(Scraped caption text data)
········
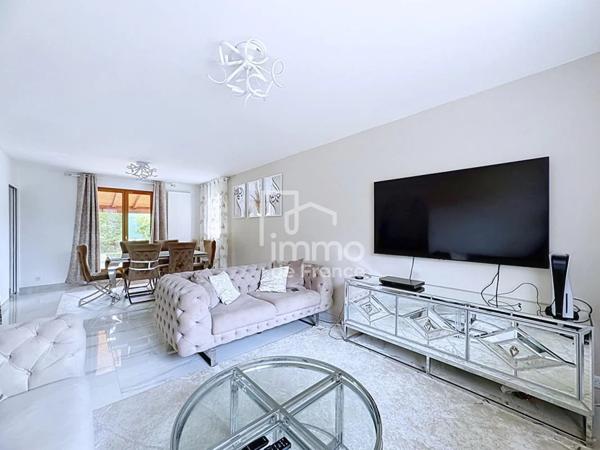 Maison à vendre à Valserhône (01200)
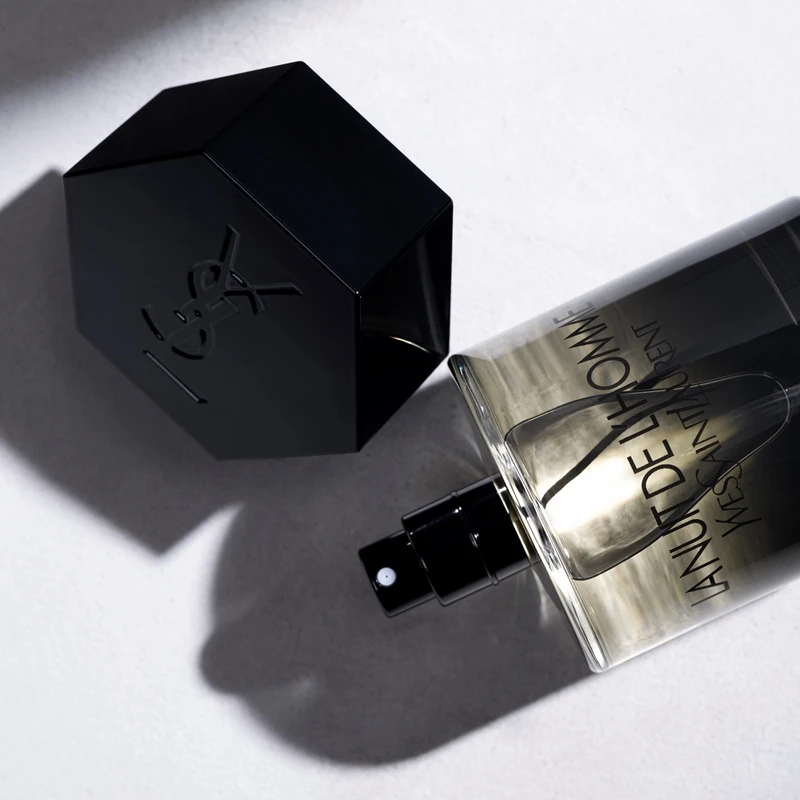 Yves Saint Laurent La Nuit De L'Homme 6 Yves Saint Laurent La Nuit De L'Homme – Image 4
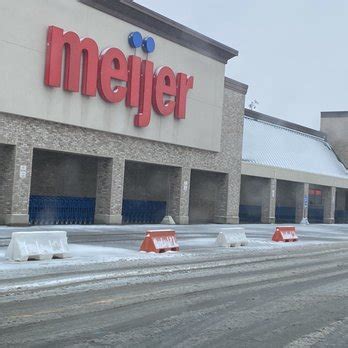 Meijer Updated August 2025 123 Photos 58 Reviews 45001 Ford Rd Canton Michigan Department Stores Phone Number Yelp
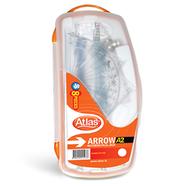 Atlas Math Box Arrow A2 (8Pcs)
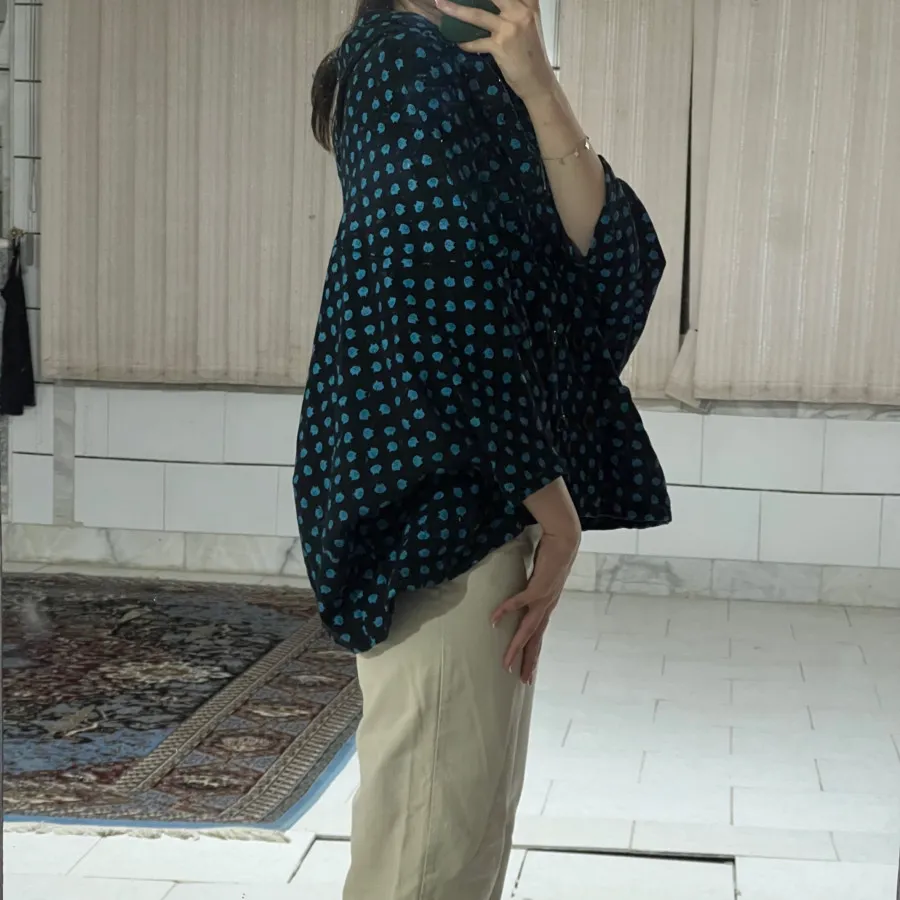 شنل پاییزه برند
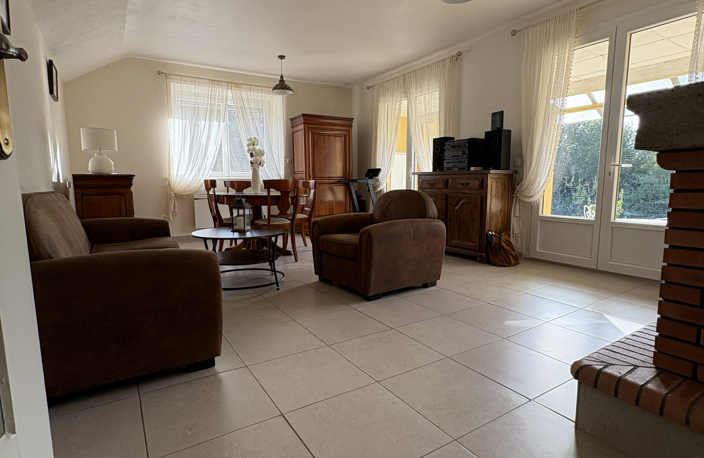 Vente Maison de campagne 4 pièces — photo 3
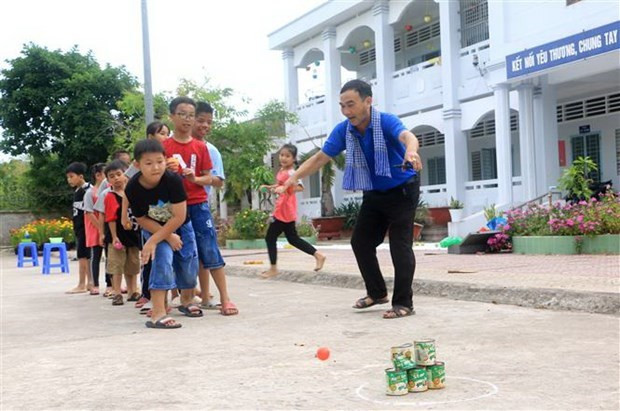 L’UNHRC adopte la résolution proposée par le Vietnam sur le changement climatique et les droits de l'homme ảnh 1 L’UNHRC adopte la résolution proposée par le Vietnam sur le changement climatique et les droits de l'homme ảnh 1
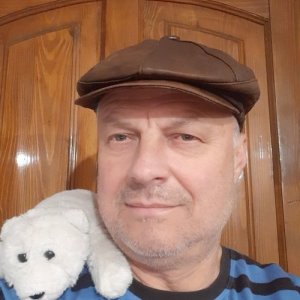 Валерій , 56 лет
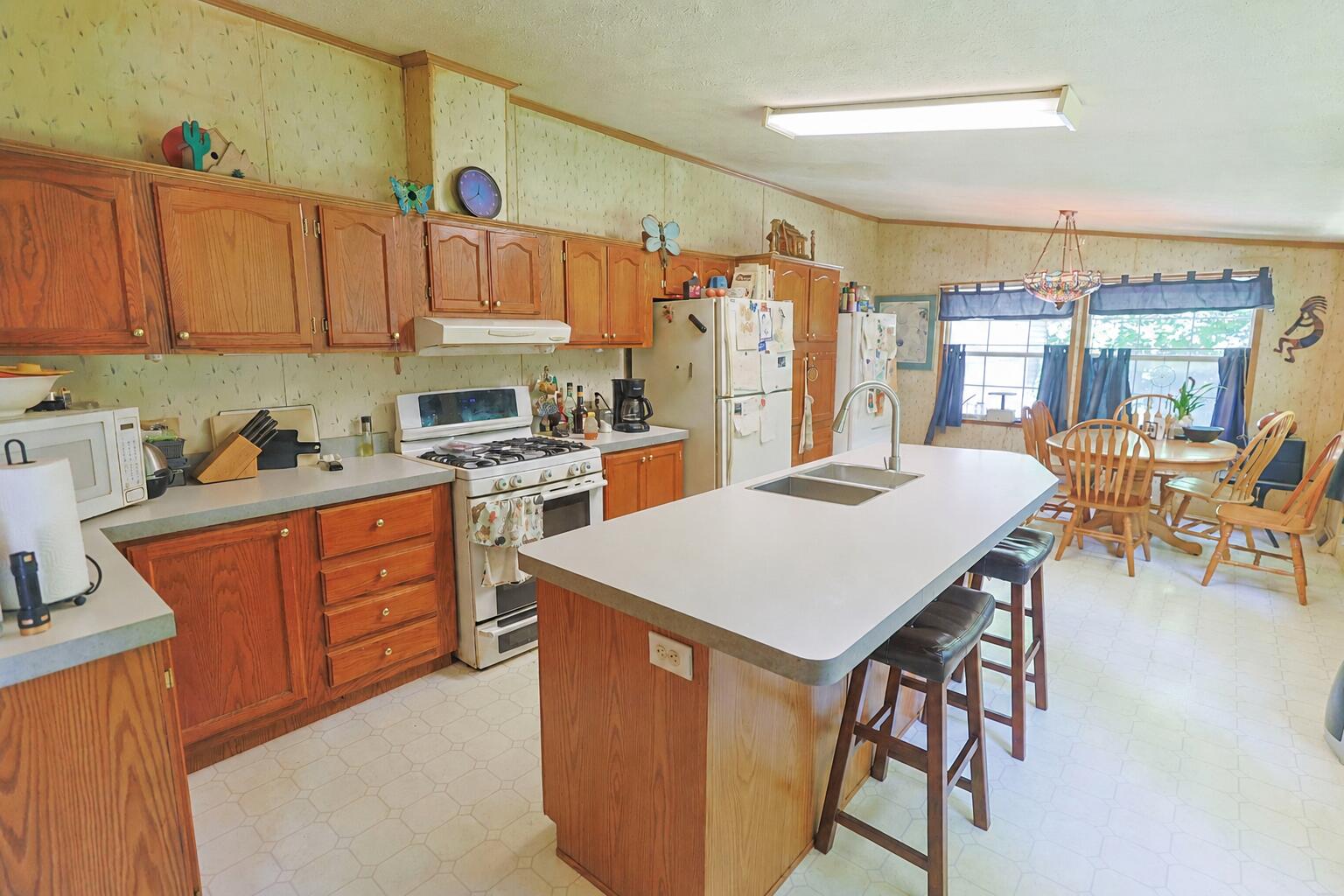 2940 Beebe Road
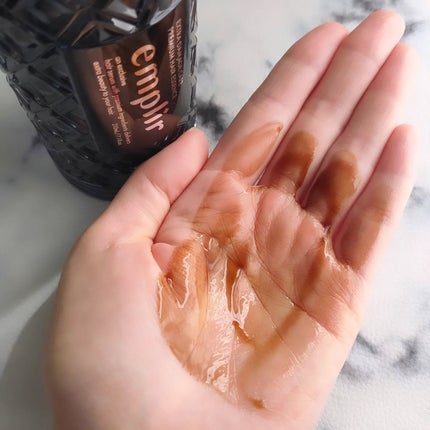 プレミアム ヘアエッセンス/emplir/ヘアマスク・ヘアパックを使ったクチコミ(4枚目)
········
DIRECTIONS
Omit the pictures and retype exactly the lines from the one containing "Валерій , 56 лет" through the end of the entries above.

RESULT OF THIS TASK
 Валерій , 56 лет
 2940 Beebe Road
 プレミアム ヘアエッセンス/emplir/ヘアマスク・ヘアパックを使ったクチコミ(4枚目)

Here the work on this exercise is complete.